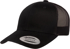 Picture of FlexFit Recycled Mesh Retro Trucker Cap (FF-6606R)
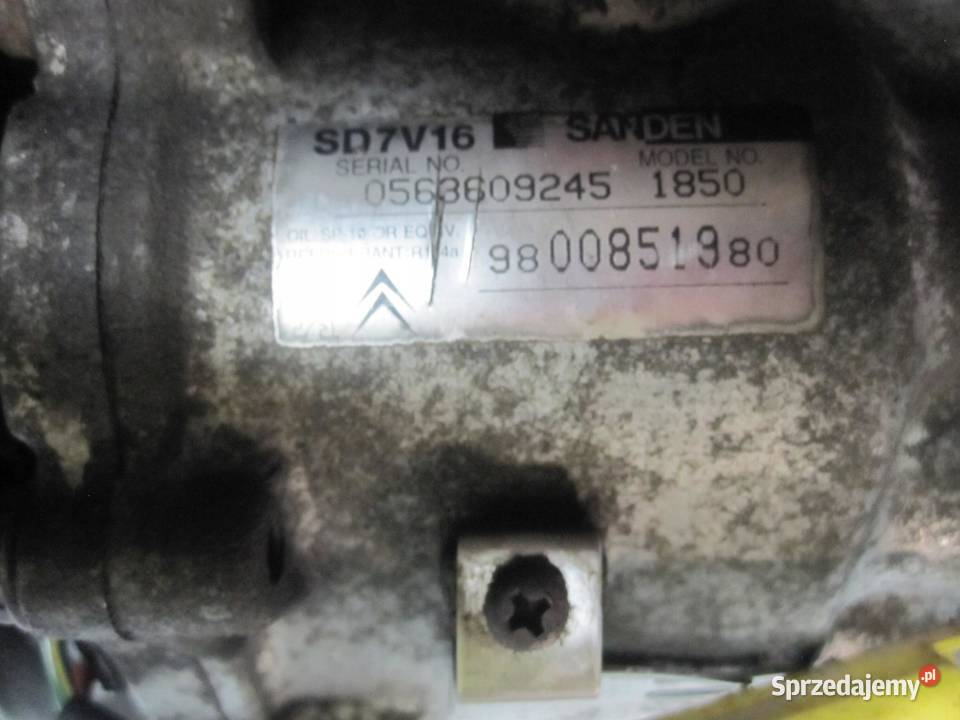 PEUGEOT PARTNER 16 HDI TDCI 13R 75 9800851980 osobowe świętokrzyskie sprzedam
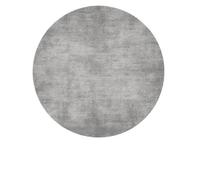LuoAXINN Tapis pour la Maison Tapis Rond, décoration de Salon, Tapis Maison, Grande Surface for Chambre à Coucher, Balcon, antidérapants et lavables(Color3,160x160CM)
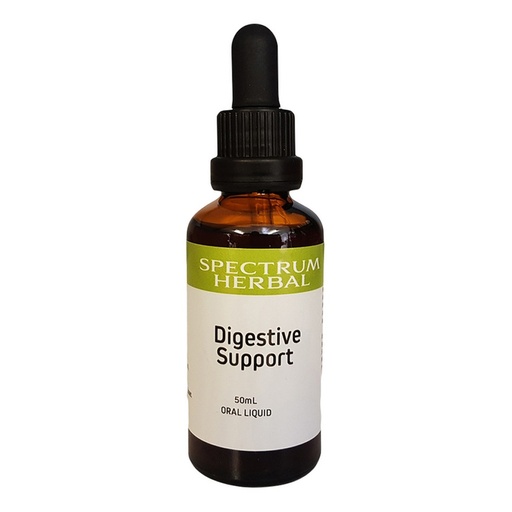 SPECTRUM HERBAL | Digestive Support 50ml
--
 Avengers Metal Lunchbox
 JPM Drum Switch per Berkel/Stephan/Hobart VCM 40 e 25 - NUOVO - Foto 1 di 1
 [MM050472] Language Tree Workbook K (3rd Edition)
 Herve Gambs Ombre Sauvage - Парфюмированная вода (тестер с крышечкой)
==
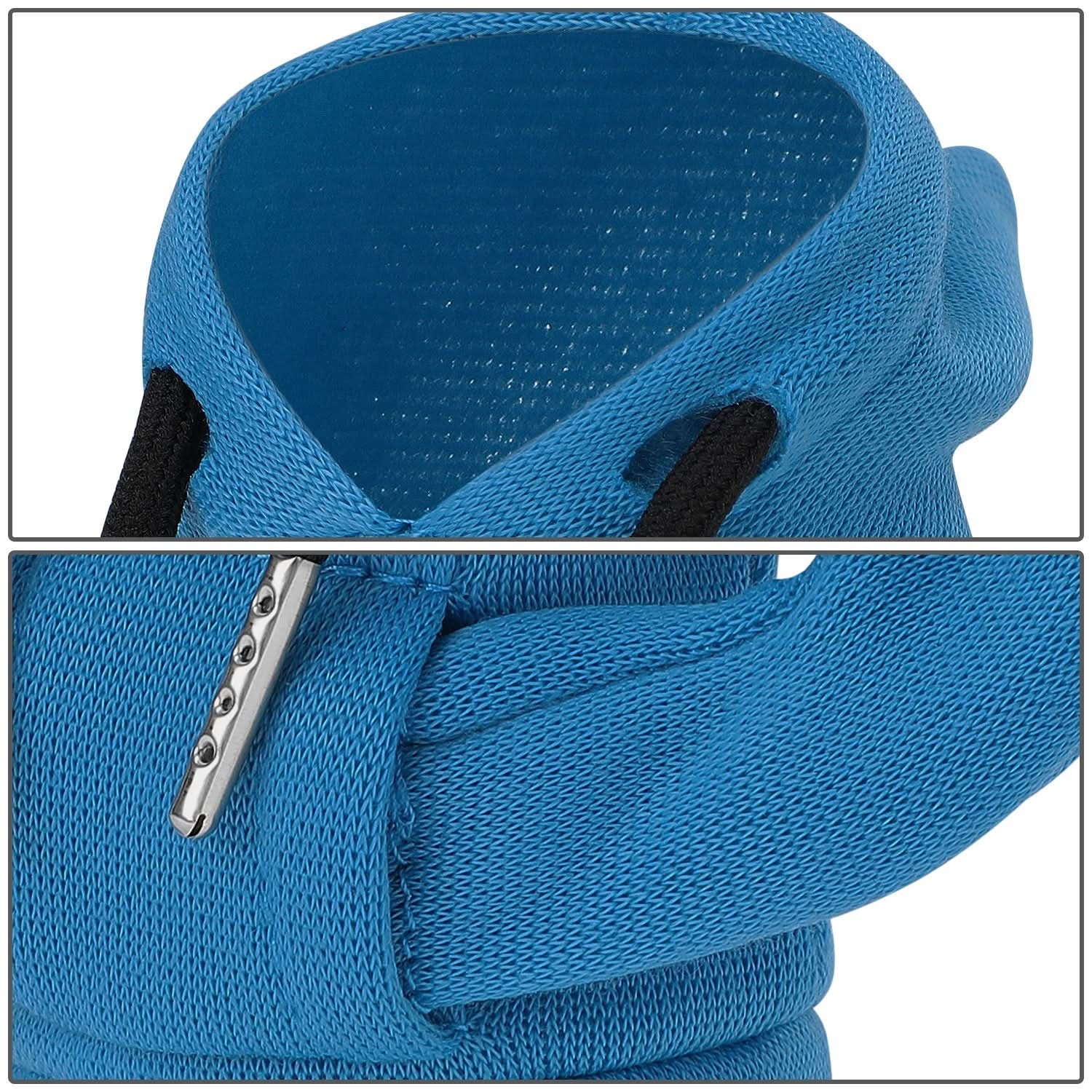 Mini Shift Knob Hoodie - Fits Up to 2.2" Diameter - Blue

§ Problem statement: Go through the material above and output exactly the lines from the one containing "JPM Drum Switch" through the one containing "Herve Gambs Ombre".

§ Task result:
 JPM Drum Switch per Berkel/Stephan/Hobart VCM 40 e 25 - NUOVO - Foto 1 di 1
 [MM050472] Language Tree Workbook K (3rd Edition)
 Herve Gambs Ombre Sauvage - Парфюмированная вода (тестер с крышечкой)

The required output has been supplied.